The Domino Effect and Integrated Probabilistic Approaches for Risk Analysis

Q.B. Nguyen1, A. Mébarki1, F. Mercier2, R. Ami Saada1 and M. Reimeringer2

1Laboratoire de Mécanique, University of Marne-la-Vallée, France
2Institut National de l'Environnement Industriel et des Risques (INERIS), France

Full Bibliographic Reference for this paper
Q.B. Nguyen, A. Mébarki, F. Mercier, R. Ami Saada, M. Reimeringer, "The Domino Effect and Integrated Probabilistic Approaches for Risk Analysis", in B.H.V. Topping, G. Montero, R. Montenegro, (Editors), "Proceedings of the Eighth International Conference on Computational Structures Technology", Civil-Comp Press, Stirlingshire, UK, Paper 31, 2006. doi:10.4203/ccp.83.31
Keywords: domino effect, industrial explosions accident, mechanical impact, tanks, projectile, penetration, perforation, risk, reliability, probabilistic methods.

The present paper deals with domino effect analysis for industrial facilities. An explosion or accident may generate various sets of projectiles.

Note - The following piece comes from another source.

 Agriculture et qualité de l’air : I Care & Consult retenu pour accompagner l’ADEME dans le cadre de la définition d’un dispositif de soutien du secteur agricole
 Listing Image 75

In their trajectory, they may impact on other existing facilities, such as tanks under high-pressure or other strategic components or installations. If the impacted targets fail, this may give rise to other sets of projectiles and so on. These potential series of accidents are known as the domino effect.

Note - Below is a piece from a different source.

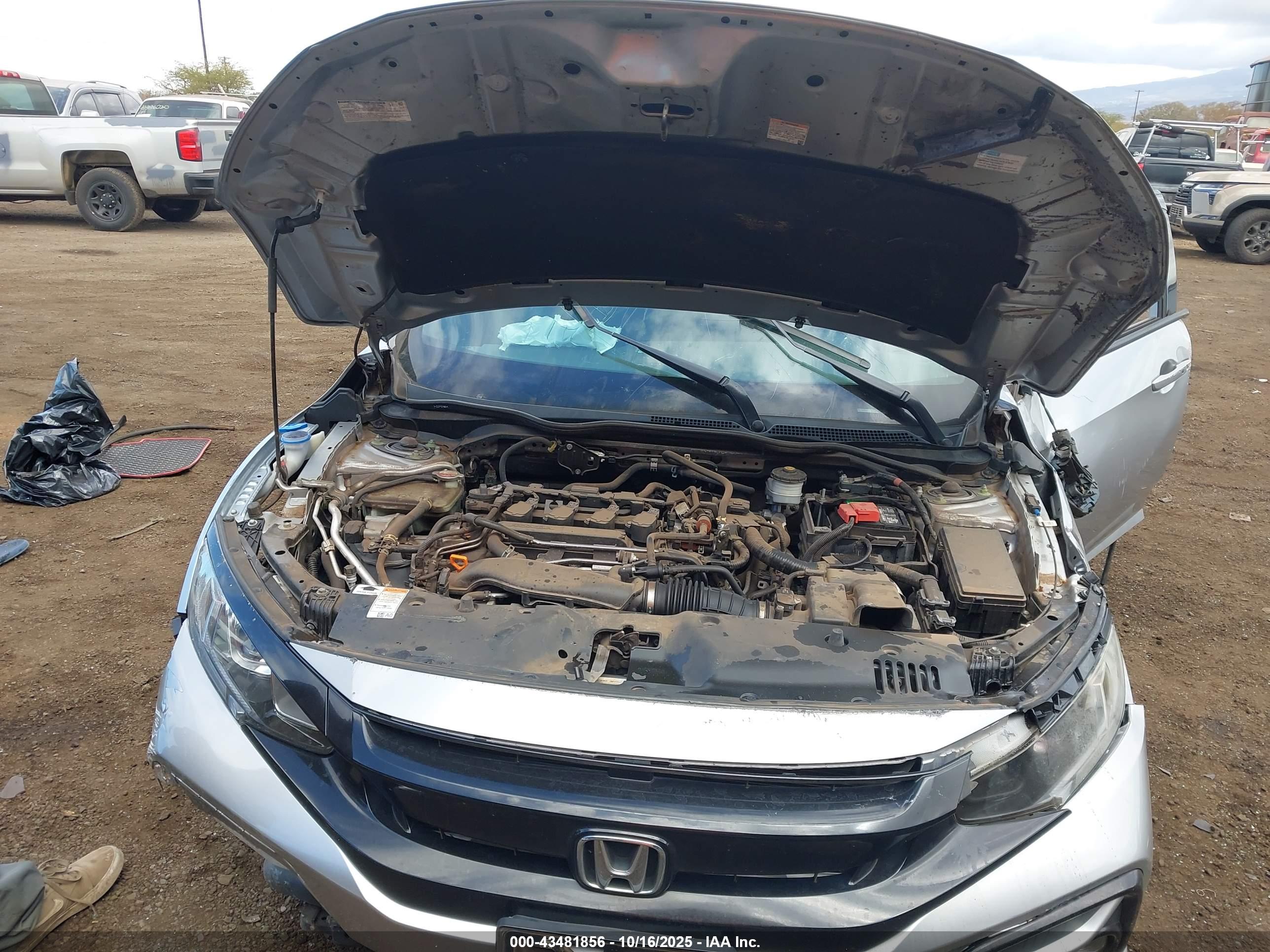 HONDA CIVIC image 10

A probabilistic approach is developed by the authors. The probability of the domino effect occurring requires three main steps:

  • Probabilistic modelling of the source term (the first set of projectiles): the probability of the first explosion occurrence and therefore number, masses, velocities, departure angles, geometrical form and dimensions, constitutive materials properties are described with probabilistic distributions [1,5,6,7,8].
  • Probabilistic modelling of the target term (first set of impacted targets): number of impacting projectiles, velocities, incidence angles and energy at impact, constitutive materials and the dimensions of the impacted targets, projectiles penetration depths into the targets are also described with probabilistic distributions [4,7].
  • Evaluation of the risks of second set of explosions that may take place in the impacted components [2,3,9,10,11].

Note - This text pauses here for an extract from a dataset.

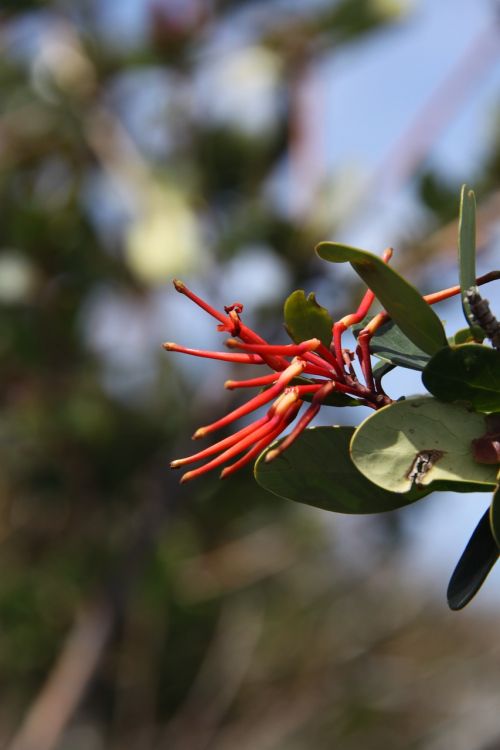 color red flower red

Two-dimensional simulations are undertaken within this probabilistic framework:

  • For the probabilistic description of the source term, the authors have collected existing models from the literature [1,5,6,7,8].
  • The authors propose new models for the impact (the probability of impact which depends on the trajectory and geometry of both the target and projectile: ellipses, cylinders and planar plates, in a first step) and the penetration depth when there is impact. A simplified mechanical model is developed in the case of cylindrical rods impacting on rectangular plates, both are made of metal [10]. The estimated penetration depth into the target is compared with the experimental data (four sets of data) collected fromthe literature [2,3,9,10,11] with the following features: projectile mass ranging from 0.1g up to 250kg, projectile velocity ranging from 10 m/s up to 2100 m/s, projectiles diameters ranging from 1.5 mm up to 90 mm, target strength ranging from 300 MPa up to 1400 MPa and incidence angles ranging from 0o up to 70o.

Monte Carlo simulations were run in order to calculate the different probabilities: the probability of impact, the distribution of the penetration depth and the probability of the domino effect.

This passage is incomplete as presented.